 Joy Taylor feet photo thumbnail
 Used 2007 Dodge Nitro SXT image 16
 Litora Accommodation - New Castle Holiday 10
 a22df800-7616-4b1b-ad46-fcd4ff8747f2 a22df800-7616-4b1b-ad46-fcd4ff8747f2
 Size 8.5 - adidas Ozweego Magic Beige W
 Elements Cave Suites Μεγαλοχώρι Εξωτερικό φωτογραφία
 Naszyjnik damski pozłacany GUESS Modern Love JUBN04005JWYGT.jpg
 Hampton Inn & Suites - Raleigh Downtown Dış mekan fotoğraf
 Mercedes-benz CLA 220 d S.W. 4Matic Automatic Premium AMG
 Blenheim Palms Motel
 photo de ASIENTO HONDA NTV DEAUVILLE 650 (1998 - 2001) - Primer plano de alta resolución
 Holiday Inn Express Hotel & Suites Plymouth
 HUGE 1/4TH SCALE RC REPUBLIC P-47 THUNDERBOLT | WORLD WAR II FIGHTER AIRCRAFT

================

▶ WHAT IS EXPECTED:
Beginning at the line that holds "Blenheim Palms Motel", reproduce each line of the records above down to and including the last one.

▶ FINISHED EXERCISE:
 Blenheim Palms Motel
 photo de ASIENTO HONDA NTV DEAUVILLE 650 (1998 - 2001) - Primer plano de alta resolución
 Holiday Inn Express Hotel & Suites Plymouth
 HUGE 1/4TH SCALE RC REPUBLIC P-47 THUNDERBOLT | WORLD WAR II FIGHTER AIRCRAFT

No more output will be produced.